■ **Recorded data**:
☆ ☆ ☆ ☆

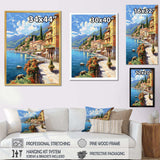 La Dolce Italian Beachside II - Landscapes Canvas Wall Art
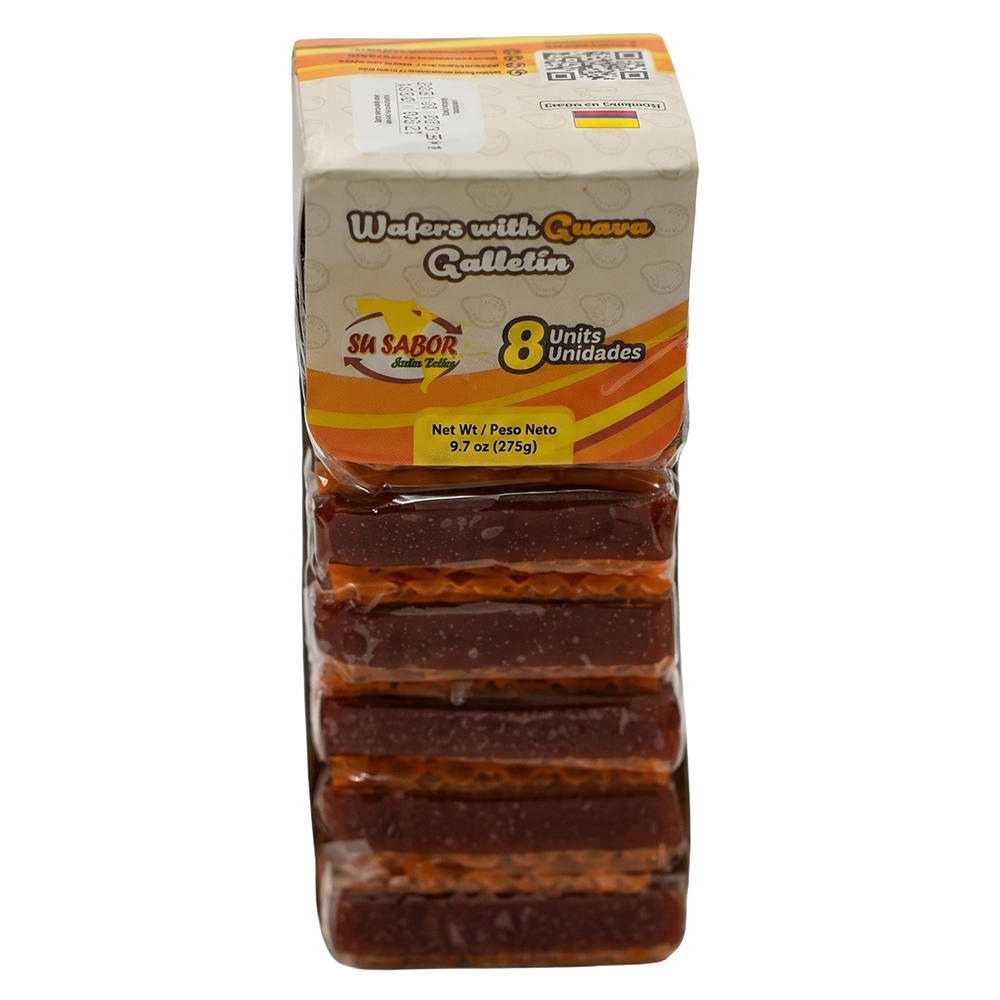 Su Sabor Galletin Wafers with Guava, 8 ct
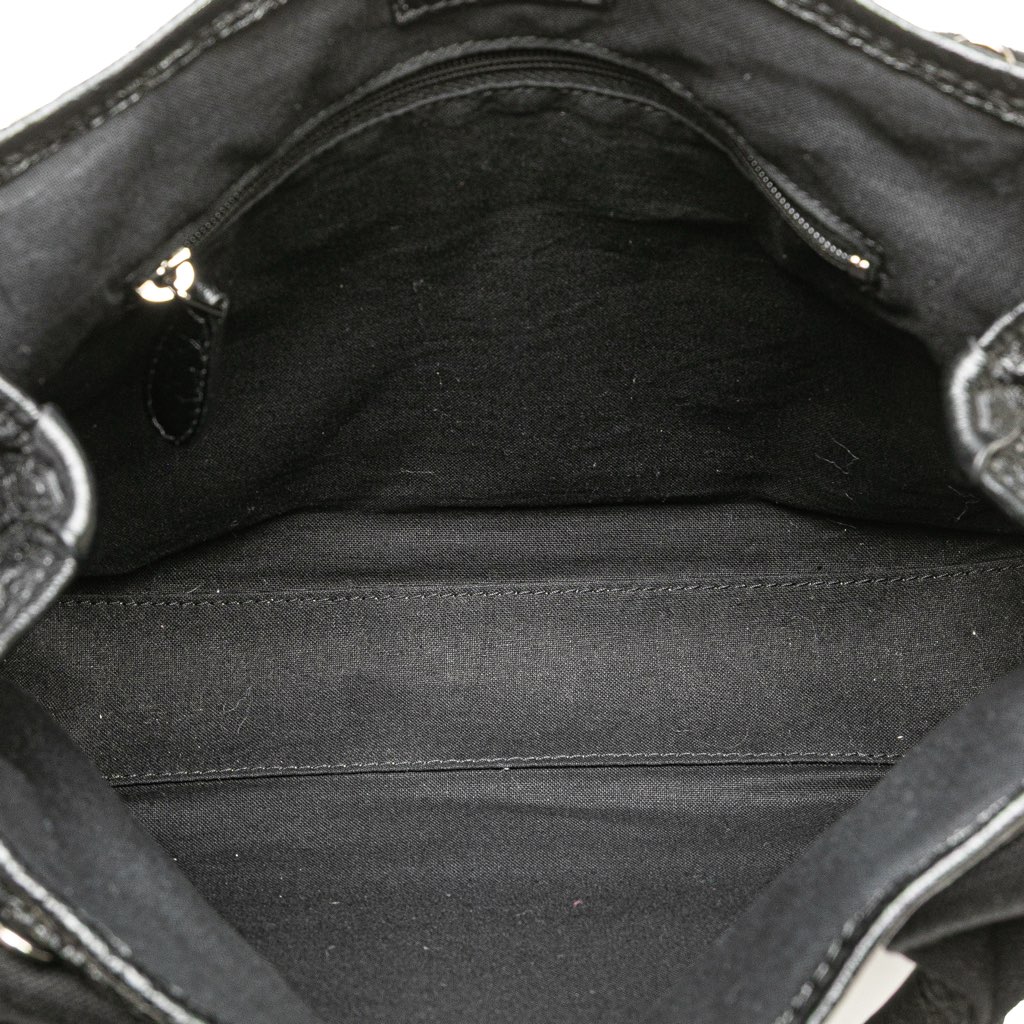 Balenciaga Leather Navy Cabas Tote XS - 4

☆ ☆ ☆ ☆

■ **Task item**: The line containing "Su Sabor Galletin Wafers with Guava, 8 ct" marks the start: set down exactly that line and every line after it through the last line of the data, without any pictures.

■ **Response to this exercise**:
 Su Sabor Galletin Wafers with Guava, 8 ct
 Balenciaga Leather Navy Cabas Tote XS - 4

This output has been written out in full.